* About this task: When you copy the material below, keep every line exact and leave each picture out.

* Source data:
^^^^^^^^^^^^^^^^

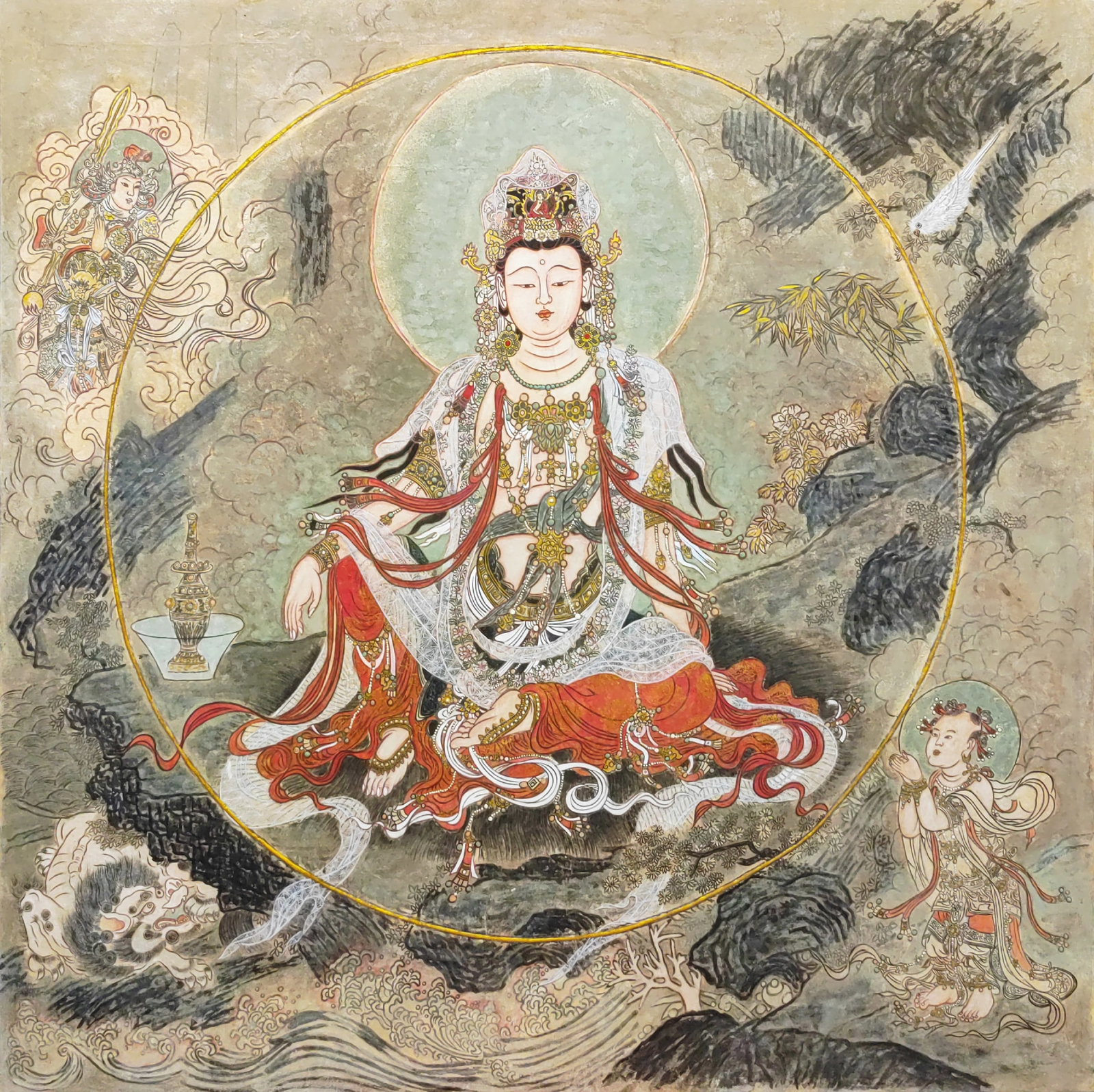 Chen Yan Water-Moon Guanyin Painting, Large Buddhist Artwork: Large Chinese Buddhist painting titled Water-Moon Guanyin by contemporary artist Chen Yan (Chen Yan ).The artist is known for her academic background in fine arts and specialization in traditional Bud
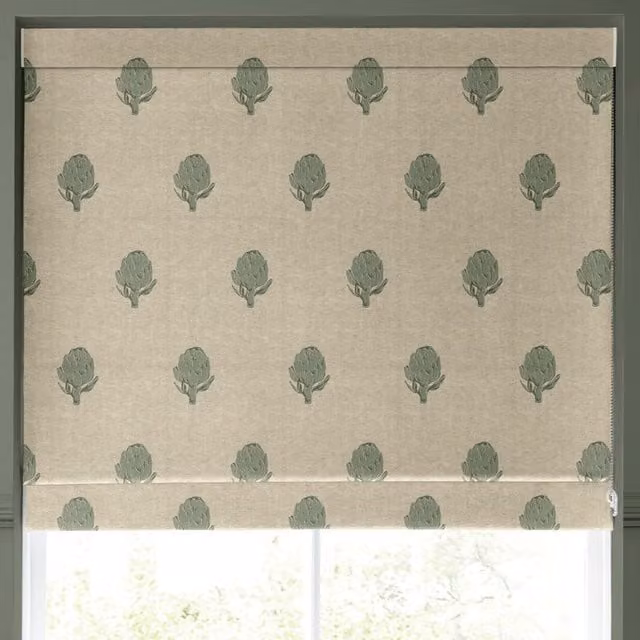 Emily Bond Globe Made to Measure Blackout Roman Blind in Fern Green and Beige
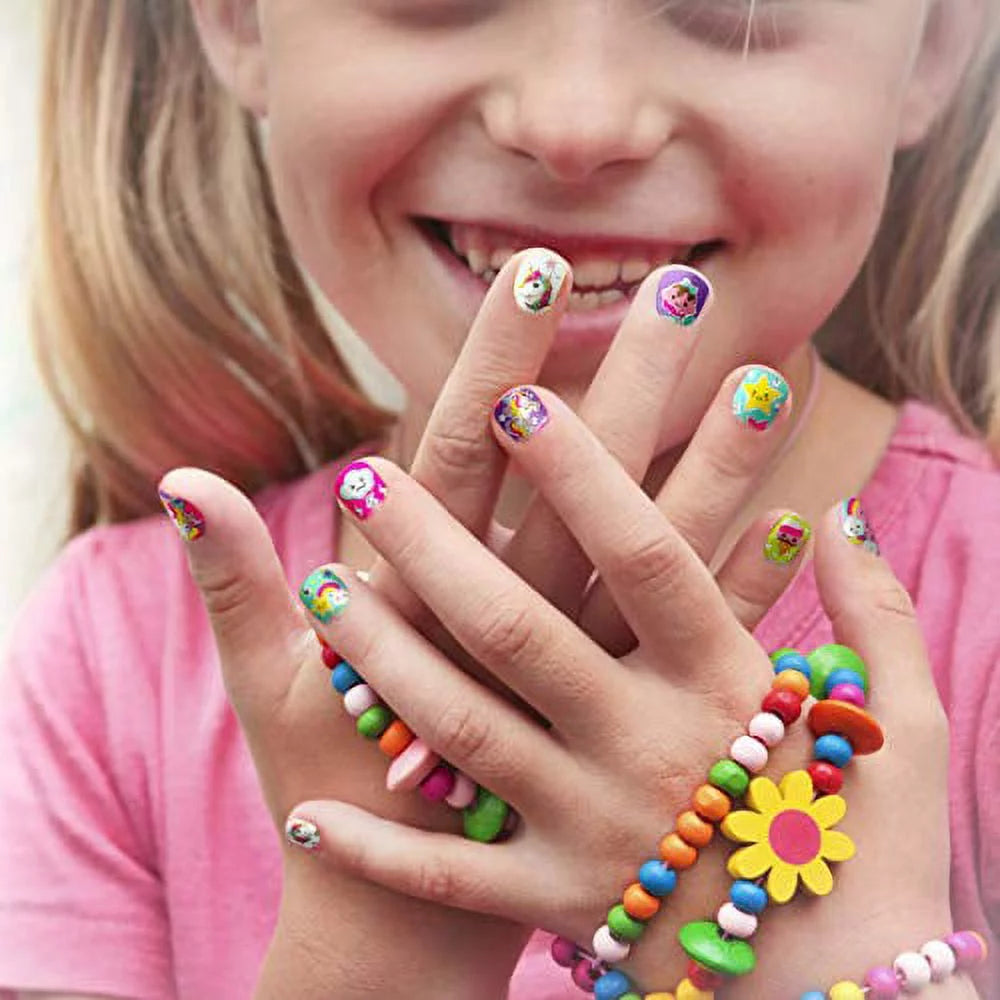 80PCS Scented Nail Polish, Pink and Blue Glitter, Unicorn Nail Stickers, Nail File, Non-Toxic Nail Art Kit B293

^^^^^^^^^^^^^^^^

* Final answer:
 Chen Yan Water-Moon Guanyin Painting, Large Buddhist Artwork: Large Chinese Buddhist painting titled Water-Moon Guanyin by contemporary artist Chen Yan (Chen Yan ).The artist is known for her academic background in fine arts and specialization in traditional Bud
 Emily Bond Globe Made to Measure Blackout Roman Blind in Fern Green and Beige
 80PCS Scented Nail Polish, Pink and Blue Glitter, Unicorn Nail Stickers, Nail File, Non-Toxic Nail Art Kit B293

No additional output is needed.